Each enhancement type description which contains the following important properties:
- creator: the specific enhancement engine creating this enhancement
- creation time: the local system time, when the annotation was created
- extracted-from: the content item for the enhancement. This links to the ID of the content item as assigned by Apache Stanbol.
- type: the type of the enhancement (e.g. Location, Person, Location, Concept ...).
- confidence: The level of confidence in the range from 0 to 1
A text annotation type provides metadata for the selected text. This is intended to be used in addition to the enhancement type if an enhancement is based on a part of the content.
- start: the character position of the start of the selection. If start is not defined it is assumed, that the selection starts at the beginning of the document
- end: the character position of the end of the selection. If end is not defined it is assumed, that the selection ends at the end of the document.

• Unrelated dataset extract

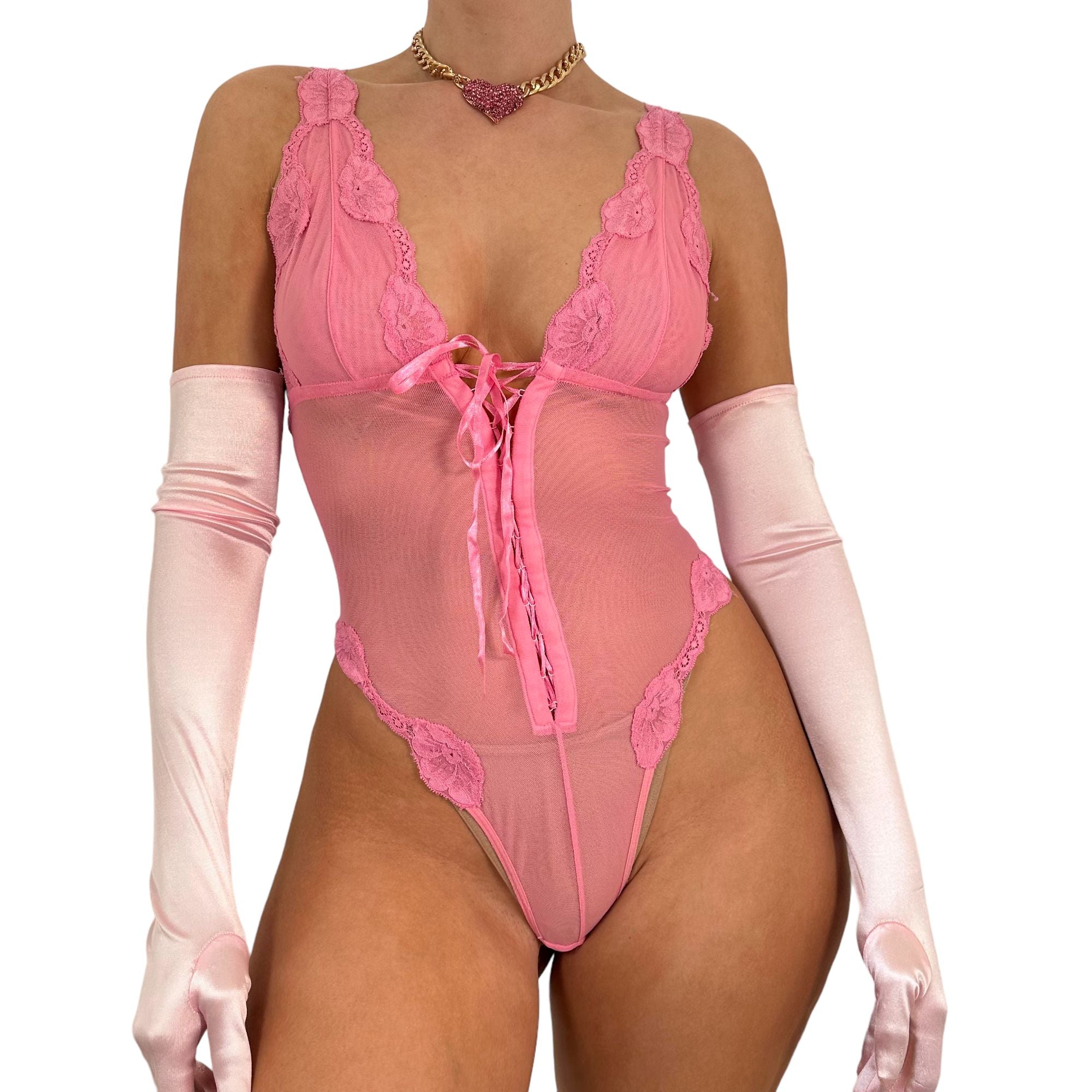 90s Vintage Pink Mesh Bodysuit [M]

- selected-text: The text selected by the enhancement. (optional).
- selection-context: The context of the selected text. This adds the possibility to specify the context used to extract entities such as persons, organizations, locations ... from natural language documents.
The entity annotation type refers to named entities which have been recognized within the content. This type is intended to be used together with the FISE enhancement type.
- entity-reference: This refers to the URI identifying the Entity
- entity-label: The label(s) of the referred entity
- entity-type: This property can be used to specify the type of the entity (optional)
- The occurrences of the entity within the content (the exact positions within the text where this entity is referred) are determined by outgoing dc:relation links.